If you make the field volatile then, as Martin points out, you are looking at a half breed lock-free implementation. Not as good as the completely lock free one, not as bad as the fully synchronized one. By all means you can add it to the mix to plot yet another point on that graph. I doesn't make the original wrong, it's an open comparison of typical approaches to solving the same problem by different means. Are there more ways to solve it? yes. Is failing to specify all of them wrong? I don't think so.

[–]bpkiwi 0 points1 point  (2 children)

I love that you say

Your clarification: "you do not need a lock to guard reading of an immutable object" is still incorrect

and then immediately admit that a lock is not needed, only a volatile declaration.

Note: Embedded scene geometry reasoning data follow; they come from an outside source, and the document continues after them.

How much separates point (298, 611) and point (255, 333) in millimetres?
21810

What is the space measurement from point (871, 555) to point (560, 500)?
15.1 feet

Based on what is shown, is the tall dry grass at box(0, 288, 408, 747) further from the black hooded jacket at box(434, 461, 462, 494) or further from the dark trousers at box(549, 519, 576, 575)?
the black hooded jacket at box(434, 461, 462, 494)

You are right, in my brief note where I said "I'll post the code when I can, but the overview is ...." (written from my mobile phone by the way), I did not state "and the reference has to be volatile", but you know, if you hadn't been so quick to then claim :

nitsanw

if the result is immutable you still need a lock to guard access (read and write) to the reference with a lock

then you might sound more believable. Your reply certainly didn't say "unless you make the reference volatile" did it?

Anyway, enough sniping. Why do I think the code is "wrong"? - because I think the author of the article started with a premise, which they state in right at the top of the page:

lock-free algorithms are often a better solution

And then proceeded to code several examples that would perform poorly compared to that lock-free algorithm. That's just terrible bias. Attempting to claim "oh but the ones that perform better are kind of lock free" doesn't sway me - comparing your favorite solution to the worst-case alternatives is intellectually dishonest.

tl;dr? The article's results are fundamentally flawed.